The origin of the armA gene is still unknown. Aminoglycoside-producing environmental bacteria possess 16S rRNA methylases to protect themselves from the antimicrobial agent that they produce (15). In addition to ArmA (11), 2 other 16S rRNA methylases have been reported recently in human pathogens from Japan: RmtA in Pseudomonas aeruginosa (16) and RmtB in Serratia marcescens (17). One could speculate that actinomycetes have transferred the methylase genes to pathogenic bacteria in the environment that further spread on diverse replicons in various hosts. However, the degree of identity of armA with the structural genes for the 16S rRNA methylases in actinomycetes is <30%, which is not compatible with a recent transfer event. Alternatively, armA could have originated from a yet unknown aminoglycoside-producing actinomycetes (10).

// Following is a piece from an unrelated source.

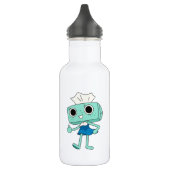 Dandy's World TISHA + TWISTED TISHA Wasserflasche (Links)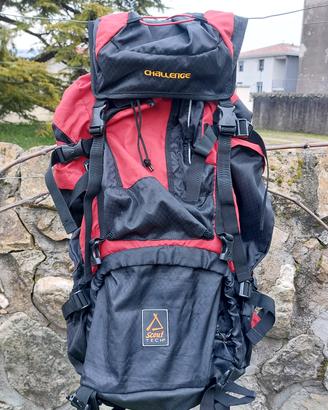 Zaino trekking Challenger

In 2003, armA was identified as a new determinant that conferred high-level resistance to aminoglycosides in a French clinical isolate of Klebsiella pneumoniae (10) and was subsequently detected in human isolates of Enterobacteriaceae from various countries in Europe (11). The finding of armA in animal isolates shows that veterinary monitoring networks should include last-resort antimicrobial agents of high therapeutic value for humans, which could help in detecting early subtle shifts in antimicrobial resistance. In fact, armA was detected in an animal bacterium because amikacin was included in the standard antimicrobial panel in the Spanish Veterinary Antimicrobial Resistance Surveillance Network. Our finding of armA in a bacterium of animal origin highlights the importance of coordinated surveillance of human and animal isolates (18–20).